白鳥氏からチームを引き継いだ小林監督は「この環境だからこそ、割り切った練習ができる」とデメリットをメリットに変えている。  水曜日と木曜日は学校内で基礎練習やトレーニングに費やし、火曜日と金曜日の球場練習では実戦メニューに振り切る。進学校のため、練習時間も短いが、その中で集中して効率的にこなすのが特徴だ。「練習量としては物足りない。でも、この子たちは集中して物事に取り組むことが得意。割り切りが逆に合っていると思っている」(小林監督)。塩川太一主将(3年=捕手)も「やれる日、やらない日をしっかりと区別をつけているので、そこに関しては不便を感じていない」と決して言い訳しない。

■守備を強化し、再び旋風を

チームの歴史を作った3年生が引退し、昨年秋は2年生7人、1年生9人でスタート。レギュラー陣の全員が入れ替わり、経験不足の中で自滅するケースが目立った。東部大会の初戦は知徳相手に2対12で5回コールド負け。その後の練習試合でも負けが続いた。  

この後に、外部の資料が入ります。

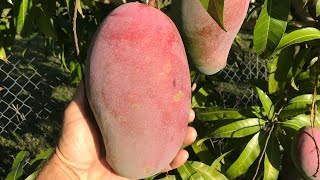 Mango trees are flowering in containers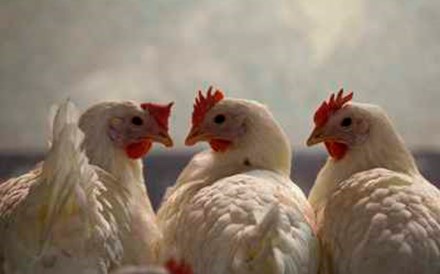 UE limita importações de aves de capoeira, milho e aveia da Ucrânia
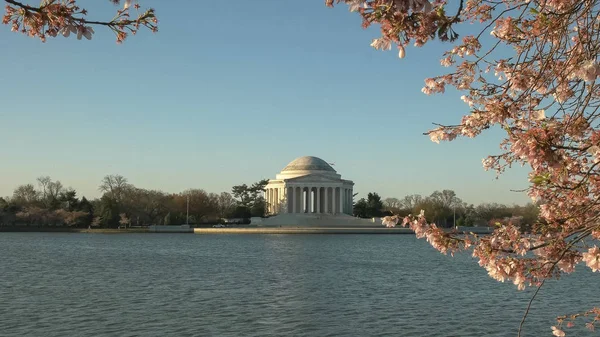 Jefferson anıt ve çiçekli kiraz ağaçlarıbahar sabah görünümü — Stok fotoğraf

目立ったのは守備の乱れ。小林監督によると、1試合平均で4、5個の失策があったという。打撃力に自信があって得点を奪うものの、それ以上に失点してしまうケースが目立った。  その課題を克服すべく、オフ期間はトレーニングと並行して守備の強化をはかった。ノックを繰り返し、塩川主将は「まだ完ぺきとは言えませんが、どのポジションも秋よりは違った姿が見られています」と手応えを感じている。  

目標は県ベスト8。先輩たちの成績に並ぶことだ。掲げるスローガンのごとく、今年も三島から爽やかな風を吹かす。